* YOUR ASSIGNMENT
Once the line containing "A boat heads towards a glacier" has been written out, stop; until then, restate each line of the entries below word for word from the first.

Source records
>>>>

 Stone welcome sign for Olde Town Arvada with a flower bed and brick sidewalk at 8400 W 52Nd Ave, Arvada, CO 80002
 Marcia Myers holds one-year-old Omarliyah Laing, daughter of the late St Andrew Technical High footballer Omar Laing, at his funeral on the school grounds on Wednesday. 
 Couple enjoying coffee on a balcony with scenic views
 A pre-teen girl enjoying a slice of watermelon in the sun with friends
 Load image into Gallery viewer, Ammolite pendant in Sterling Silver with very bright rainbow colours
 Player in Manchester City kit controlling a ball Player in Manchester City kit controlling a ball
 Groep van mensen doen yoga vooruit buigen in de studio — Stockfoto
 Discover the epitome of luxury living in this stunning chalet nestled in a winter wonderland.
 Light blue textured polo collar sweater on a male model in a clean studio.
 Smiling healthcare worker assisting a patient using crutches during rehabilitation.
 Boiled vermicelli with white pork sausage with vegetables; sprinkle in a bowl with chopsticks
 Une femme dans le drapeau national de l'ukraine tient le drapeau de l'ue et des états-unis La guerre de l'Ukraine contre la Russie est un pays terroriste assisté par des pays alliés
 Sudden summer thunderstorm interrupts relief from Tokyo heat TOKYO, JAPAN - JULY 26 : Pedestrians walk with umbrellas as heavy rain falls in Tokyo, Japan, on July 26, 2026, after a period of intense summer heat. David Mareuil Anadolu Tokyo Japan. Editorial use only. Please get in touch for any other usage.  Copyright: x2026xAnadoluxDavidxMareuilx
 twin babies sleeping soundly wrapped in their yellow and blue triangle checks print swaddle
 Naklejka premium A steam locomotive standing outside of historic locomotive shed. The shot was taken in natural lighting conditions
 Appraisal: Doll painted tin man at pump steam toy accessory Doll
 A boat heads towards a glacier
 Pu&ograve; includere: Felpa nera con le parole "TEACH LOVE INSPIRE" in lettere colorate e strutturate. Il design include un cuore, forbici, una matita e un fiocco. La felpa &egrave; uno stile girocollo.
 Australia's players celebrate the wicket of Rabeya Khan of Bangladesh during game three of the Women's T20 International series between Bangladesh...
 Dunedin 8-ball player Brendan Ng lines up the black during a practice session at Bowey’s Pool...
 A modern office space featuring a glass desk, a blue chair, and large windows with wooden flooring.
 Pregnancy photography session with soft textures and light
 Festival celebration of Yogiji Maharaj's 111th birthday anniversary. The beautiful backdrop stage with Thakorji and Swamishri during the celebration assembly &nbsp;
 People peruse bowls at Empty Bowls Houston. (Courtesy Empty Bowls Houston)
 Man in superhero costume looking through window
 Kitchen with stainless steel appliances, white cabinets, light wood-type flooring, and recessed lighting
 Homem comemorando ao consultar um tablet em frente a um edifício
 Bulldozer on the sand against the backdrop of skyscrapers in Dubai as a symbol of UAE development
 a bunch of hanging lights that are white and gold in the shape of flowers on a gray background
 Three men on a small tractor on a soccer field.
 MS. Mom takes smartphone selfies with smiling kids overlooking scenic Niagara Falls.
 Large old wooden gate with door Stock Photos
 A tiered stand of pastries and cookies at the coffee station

<<<<

* TASK RESULT
 Stone welcome sign for Olde Town Arvada with a flower bed and brick sidewalk at 8400 W 52Nd Ave, Arvada, CO 80002
 Marcia Myers holds one-year-old Omarliyah Laing, daughter of the late St Andrew Technical High footballer Omar Laing, at his funeral on the school grounds on Wednesday. 
 Couple enjoying coffee on a balcony with scenic views
 A pre-teen girl enjoying a slice of watermelon in the sun with friends
 Load image into Gallery viewer, Ammolite pendant in Sterling Silver with very bright rainbow colours
 Player in Manchester City kit controlling a ball Player in Manchester City kit controlling a ball
 Groep van mensen doen yoga vooruit buigen in de studio — Stockfoto
 Discover the epitome of luxury living in this stunning chalet nestled in a winter wonderland.
 Light blue textured polo collar sweater on a male model in a clean studio.
 Smiling healthcare worker assisting a patient using crutches during rehabilitation.
 Boiled vermicelli with white pork sausage with vegetables; sprinkle in a bowl with chopsticks
 Une femme dans le drapeau national de l'ukraine tient le drapeau de l'ue et des états-unis La guerre de l'Ukraine contre la Russie est un pays terroriste assisté par des pays alliés
 Sudden summer thunderstorm interrupts relief from Tokyo heat TOKYO, JAPAN - JULY 26 : Pedestrians walk with umbrellas as heavy rain falls in Tokyo, Japan, on July 26, 2026, after a period of intense summer heat. David Mareuil Anadolu Tokyo Japan. Editorial use only. Please get in touch for any other usage.  Copyright: x2026xAnadoluxDavidxMareuilx
 twin babies sleeping soundly wrapped in their yellow and blue triangle checks print swaddle
 Naklejka premium A steam locomotive standing outside of historic locomotive shed. The shot was taken in natural lighting conditions
 Appraisal: Doll painted tin man at pump steam toy accessory Doll
 A boat heads towards a glacier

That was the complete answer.